Pretty, Scented Flowers Improve a Bad Mood and Promote Wellness
People use flowers for all kinds of things, from birthdays to weddings to funerals. Flowers signify important events and offer a calming effect, as well as help individuals achieve better moods. Humans and flowers are the most evolved members of their kingdoms, Animalia and Plantae, respectively. Now research studies note that flowers support happiness and increase social togetherness.
How Flowers Evolved with Humans
The earliest evidence of a flowering plant is a fossil from China; it is about 125 million years old and scientists believe it was a water plant. Experts say flowers developed to attract animals that would aid in plants’ reproduction. One theory is that flowers developed on an island, forging a special relationship with an animal, like a wasp, which spread pollen, used to make seeds, when going from flower to flower.
Flowers are adaptations of plants’ leaves. Many flowers grown today started out as weeds and the assumption is that early humans did not disturb the prettiest flowers in their gardens; flowers were reseeded and humans became attached to them. Today’s important pollinators, bees, are descended from wasps and interestingly, have color vision.
Receiving Flowers Brings Pleasure and Increases Sociability
In a small study appearing in Evolutionary Psychology in 2005, Rutgers University researchers found that 100 percent of women smiled with a Duchenne smile after receiving a mixed bouquet of flowers. A Duchenne smile, first named by a French physician, involves use of muscles at the corner of the mouth and by the eyes; it signifies genuine, positive emotions.
Control groups received either a fruit basket or a large candle. Ninety percent of the fruit-receivers used a real smile and only 77 percent of candle-receivers smiled with a Duchenne smile. In addition, only those who received flowers reported a lasting, positive mood days later.
In an elevator study carried out by the same researchers, men or women alone in an elevator with two experimenters were presented with a large Gerber daisy, a pen or nothing. The researchers derived a total social score (TSS) by recording the type of smile, initiated talk (other than a thanks), and standing distance from the experimenters (usually strangers in an elevator retreat to opposite corners). The results showed that both men and women had higher TSS scores when receiving the Gerber daisy as compared to the pen-receivers and those who got nothing.

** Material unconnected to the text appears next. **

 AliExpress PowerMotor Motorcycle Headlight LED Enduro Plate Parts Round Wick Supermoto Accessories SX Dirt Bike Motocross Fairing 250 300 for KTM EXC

Living with Flowers Improves Attitudes at Home and Work
A Harvard University study, reported in 2006, found that living with flowers in the home – displaying bouquets in the most-used rooms – perked up moods in less than a week. The study, in cooperation with the Society of American Florists and the Flower Promotion Organization, discovered that people had their good moods transferred to work, and they had more compassion for their fellow beings.
Just as insects are attracted to a flower’s scent, humans have positive emotional ties with fragrant flowers. It is no accident that sensational-smelling red roses are the symbol of love. In addition, the phrase “stop and smell the roses” signifies a traditional way of reducing stress. Researchers in Japan, in an animal study, found that flower scents suppressed about 100 genes usually turned on in stressful situations.

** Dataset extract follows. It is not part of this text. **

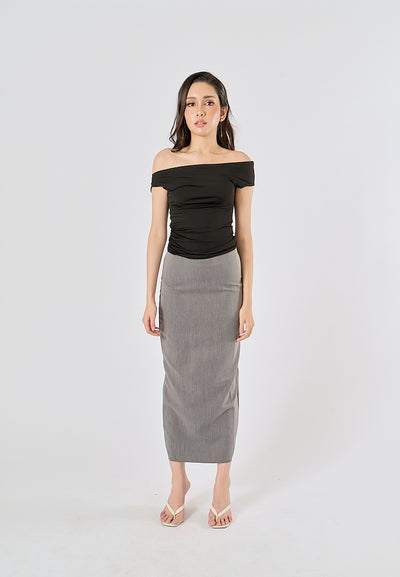 Anette Gray Back Slit Zipper Fly Casual Long Pencil Skirt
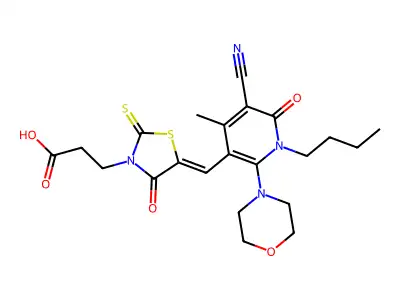 3-(5-{[1-Butyl-5-cyano-4-methyl-2-(morpholin-4-yl)-6-oxo-1,6-dihydropyridin-3-yl]methylidene}-4-oxo-2-sulfanylidene-1,3-thiazolidin-3-yl)propanoic acid structure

Flower Scents Reduce Stress
Seven to ten different oils in petunia and snapdragon petals make the flowers’ scents. Other flowers may have hundreds of different oils. These oils are referred to as volatile oils as they do not last long in hot weather. Curiously, flower breeders in their quest for beautiful colors and longevity in the cut-flower market, let flower fragrance fall by the wayside for a time.
Flowers Contribute to Happiness and Wellness
Increasing positive emotions can cut stress that leads to physical illnesses. Receiving flowers, placing flowers in the home, and smelling flower scents are all simple, yet powerful, ways to boost upbeat emotions. Stopping worry, improving mood, feeling pleasure, and adding socialization are all components of not only wellness, but of happiness.